**Problem**
Copy only the lines from the one containing "Titien Aulia Sahputri" through the final line of the records below, exactly as written, with no pictures.

**Material provided**

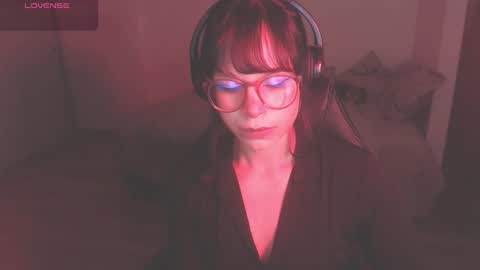 Modjo online show from 9, 2, 2025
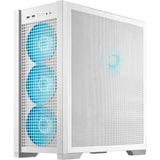 ASUS TUF GAMING GT302 Argb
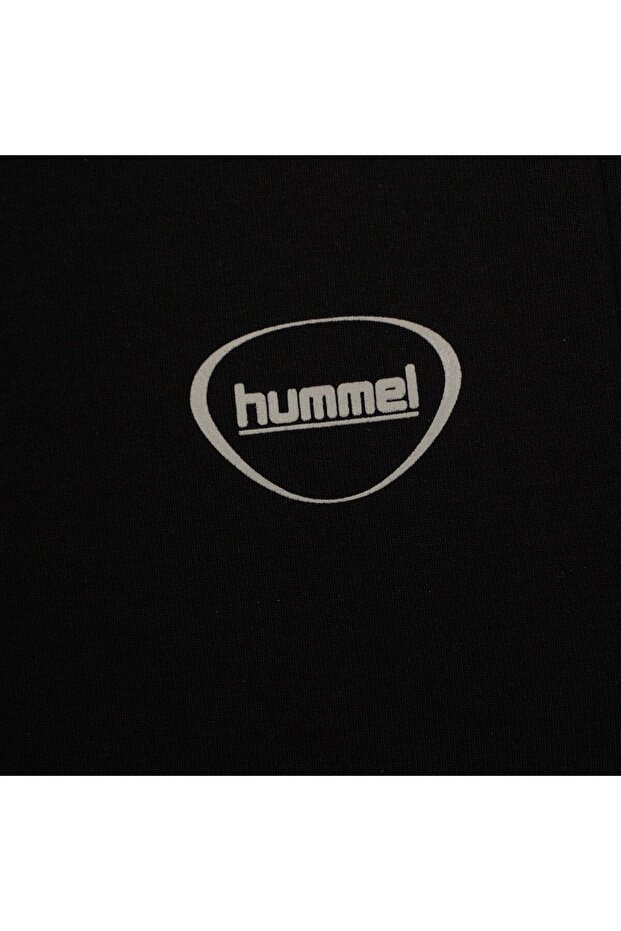 HMLTECH PANTS (AW25) - 4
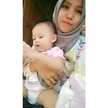 Titien Aulia Sahputri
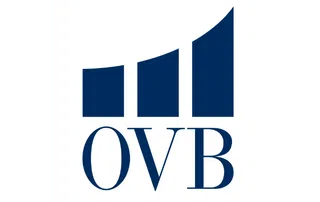 ovb (2)
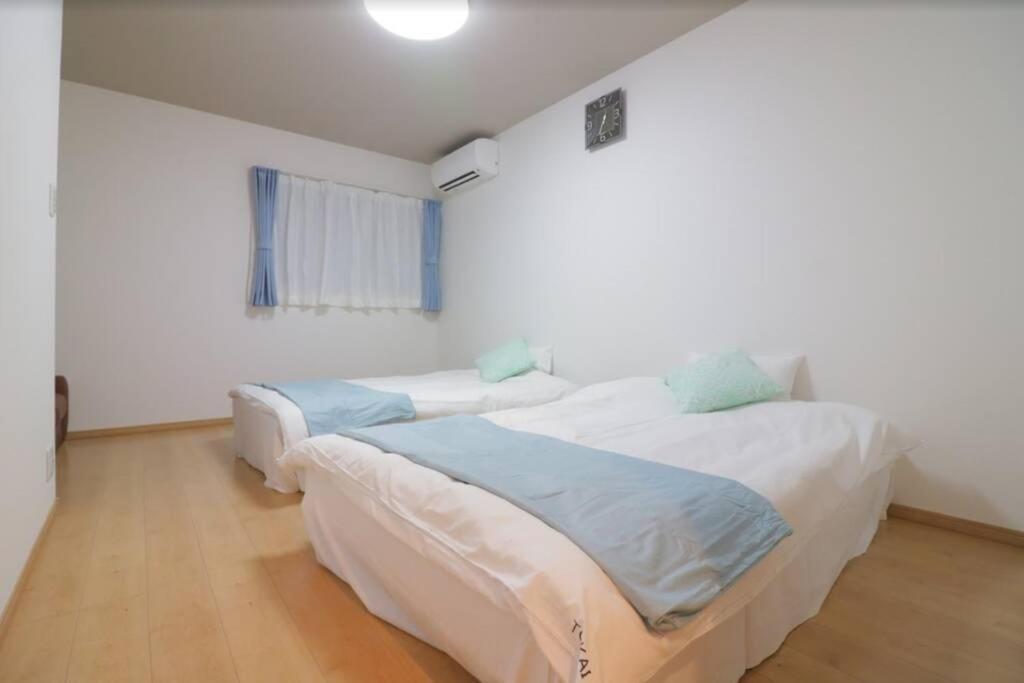 Cozy enjoyment hotel no.29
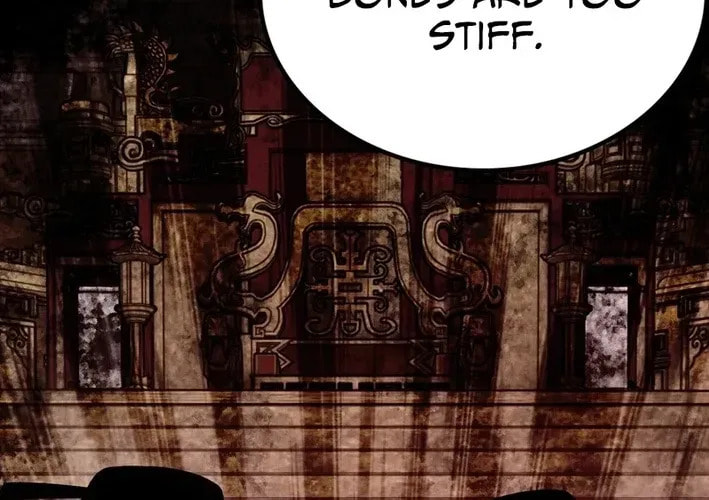 What Do You Mean? Even Gentlemen Are Wary Chapter 13 page 44 - 
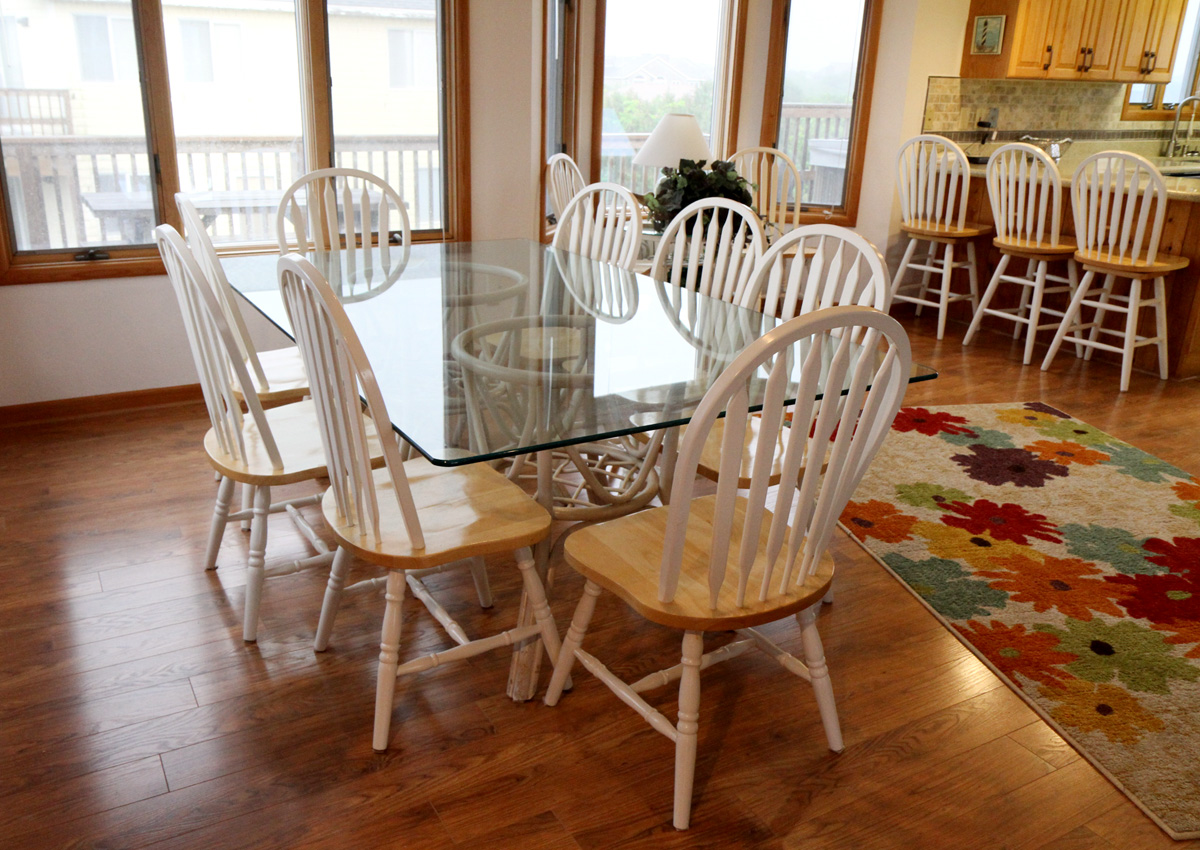 The Outer Banks Home 1015960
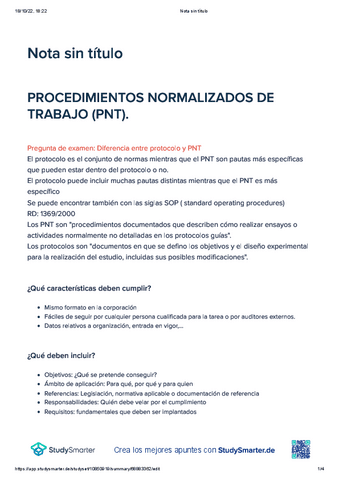 Resumen-U2-Parte-1.pdf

**Solution for this exercise**
 Titien Aulia Sahputri
 ovb (2)
 Cozy enjoyment hotel no.29
 What Do You Mean? Even Gentlemen Are Wary Chapter 13 page 44 - 
 The Outer Banks Home 1015960
 Resumen-U2-Parte-1.pdf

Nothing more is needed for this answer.